Norman Chad: Colleges should aspire to be schools of thought, not football
In 1997, Boston University dropped its football program; last week, fellow Boston school Northeastern University did the same. Dare I say, Boston now might be the most livable city in America.
Perhaps the most unpopular position I've always taken is this one: Big-time college football and basketball should be disbanded. When I was at the University of Maryland 30 years ago, I proposed replacing intercollegiate athletics with intramural sports.
I was shouted down and ridiculed back then, in person.
Now I am shouted down and ridiculed, on the Internet.
They call it progress.
College football has absolutely nothing to do with college -- this is unofficially the 783rd time I've said this. It is a business in which athletes posing as students wear school colors for the sake of alumni gratification and TV money.
The games are played on campus, lending them a false whiff of Jeffersonian, body-and-mind Utopia on the hill.
(My second-favorite college football quotation comes from former University of Chicago president Robert Hutchins, who observed, "College football: I do not see the relationship of those highly industrialized affairs on Saturday afternoons to higher learning in America.")
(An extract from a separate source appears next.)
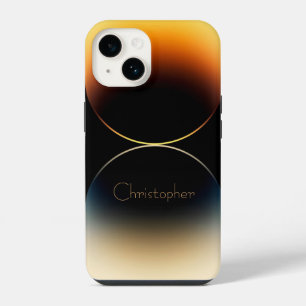 Persoonlijke oranje radiale textuur iPhone 15 14 Hoesje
Q. What do UC-Riverside, UC-Santa Barbara, UC-San Diego, Cal State Fullerton, Cal State Long Beach, Cal State Northridge, Cal State Los Angeles, Loyola Marymount, University of the Pacific, St. Mary's, University of San Francisco, Santa Clara University, Pepperdine and Chico State have in common?
A. They are all California colleges that have dropped their football programs.
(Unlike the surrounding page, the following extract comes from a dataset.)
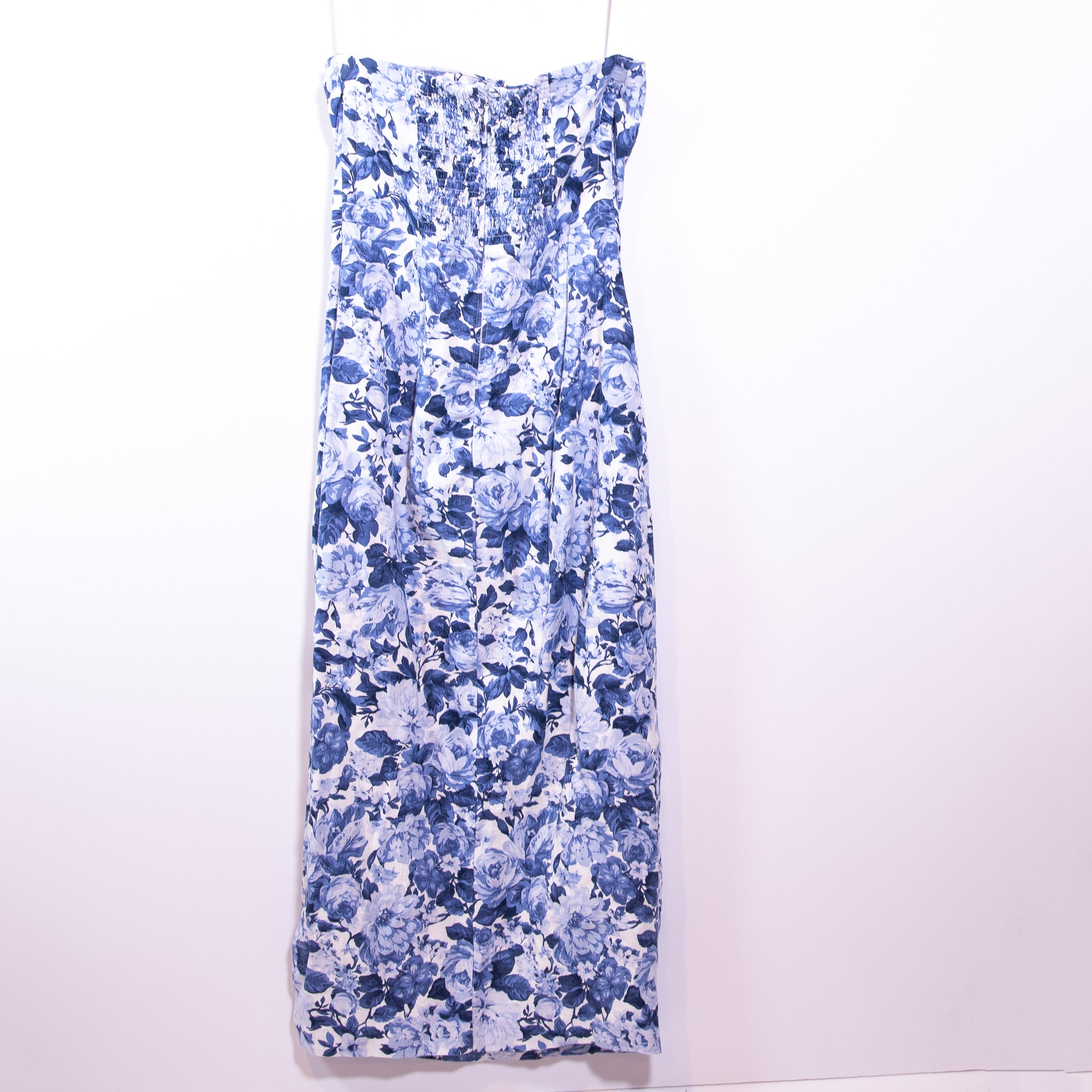 Abercrombie & Fitch Cotton Linen Blue White Floral Print Strapless Midi Dress ST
Loyola Marymount -- then known as Loyola University of Los Angeles -- did it in 1951. Those folks were ahead of the curve and, as a result, "College GameDay" has never set foot on campus.
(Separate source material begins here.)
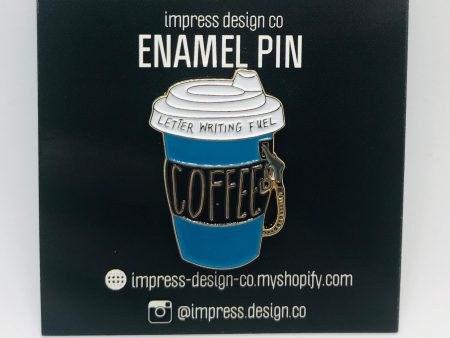 *** CLEARANCE *** Coffee - Letter Writing Fuel Enamel Pin For Cheap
Heck, I thought I moved to Southern California for sun and surf; as it turns out, I moved out here because we are free of the hypocrisy and mythology that is college football.*Exception: USC and UCLA, two cesspools of misplaced priorities -- and guaranteed impropriety -- in terms of big-time athletics. USC spends $20 million annually on its football program, UCLA spends nearly as much. Somehow, these two well-regarded institutions of higher education are comfortable taking the well-fixed low road to athletic glory.